Maurin Bérenger, président du Syndicat de l'appellation Cahors, s'insurge : ' Sauf à faire de la viticulture une culture subventionnée, ce qui n'est pas une solution, nous allons vers la faillite de la filière. ' En 2000, le syndicat avait évalué les coûts de production pour mettre en évidence leur décalage avec le prix payé. ' Le générique représente 70 % de nos marchés. Si nous perdons de l'argent sur ce secteur, nous ne pourrons pas investir dans la qualité, ce qui devrait être le combat de toute appellation. ' Le prix de revient avait été évalué à 122 euros/hl ; le cours du générique se situait autour de 100 euros/hl. Utilisés pour défendre les prix dans les négociations avec les acheteurs, ces chiffres n'ont pas permis d'obtenir gain de cause. Le cours du vrac, autour de 107 euros/hl désormais, n'est toujours pas suffisant.
Le Bordelais a fait le même constat amer en 2001. En éditant La Qualité, combien ça coûte en AOC Bordeaux , l'Union régionale agricole de Branne-Libourne-Targon (URABLT) espérait initier des discussions entre négociants et producteurs sur le coût des pratiques qualitatives. ' Deux négociants se sont déplacés à ces réunions ', se souvient Eric Chadourne, conseiller à l'URABLT. Le négoce a refusé de mieux payer des vins qui coûtent plus cher à produire.

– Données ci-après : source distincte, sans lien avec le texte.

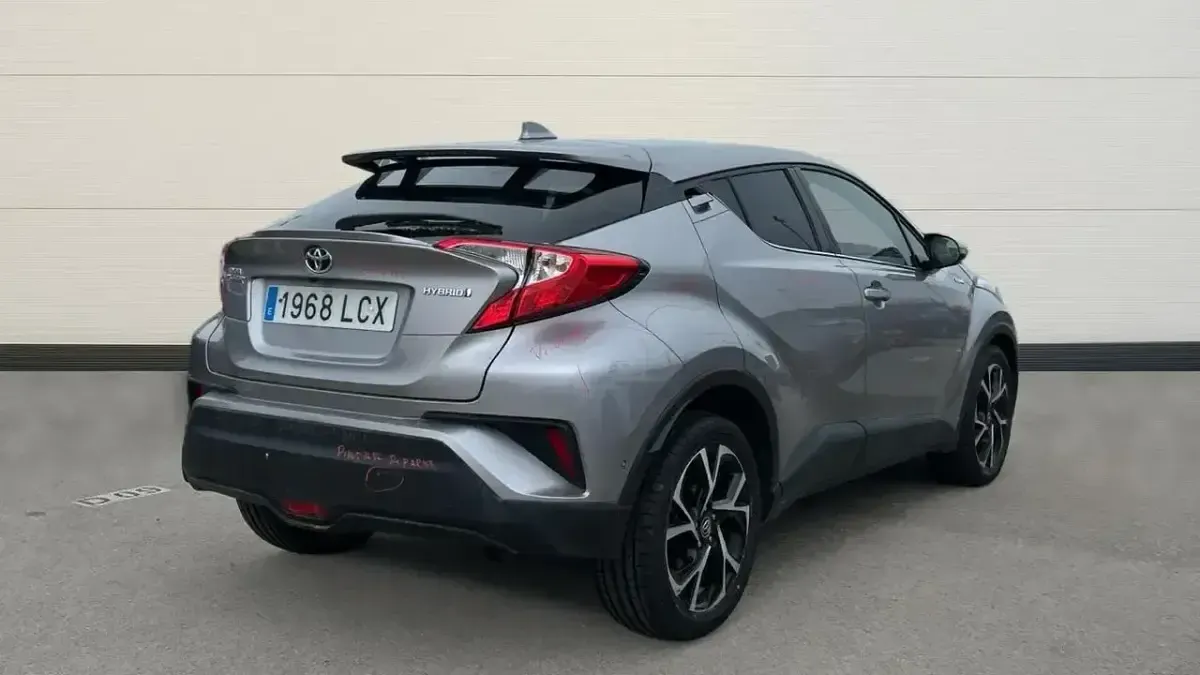 Käytetty Toyota C-HR Advance 122 HP (89 kW) 2019 Harmaa Katumaasturi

En Touraine, en 2003, le syndicat des producteurs a entamé des discussions avec le négoce pour faire remonter le cours du touraine rouge. ' En dessous de 90 euros/hl, nous devons envisager d'arracher des rouges, expose Alain Godeau, président du syndicat d'appellation. Il ne faut plus que les viticulteurs vendent à perte. ' Ce seuil est encore inférieur au prix de revient de 122 euros/hl, annoncé par la chambre d'agriculture. ' C'est une première marche, concède Alain Godeau. Elle permet au moins de ne pas décapitaliser. '
En 2003, le touraine rouge s'est négocié, en moyenne, à 69 euros/hl ; en février 2004, il atteignait 86 euros/hl. ' Nous attendons la fin de campagne pour statuer ', poursuit-il.
Dans le Muscadet, les viticulteurs sont plus défaitistes quant aux possibilités de discussion avec le négoce. ' C'est le marché qui fait le prix ', constate Jean-Louis Brosseau, conseiller viticole.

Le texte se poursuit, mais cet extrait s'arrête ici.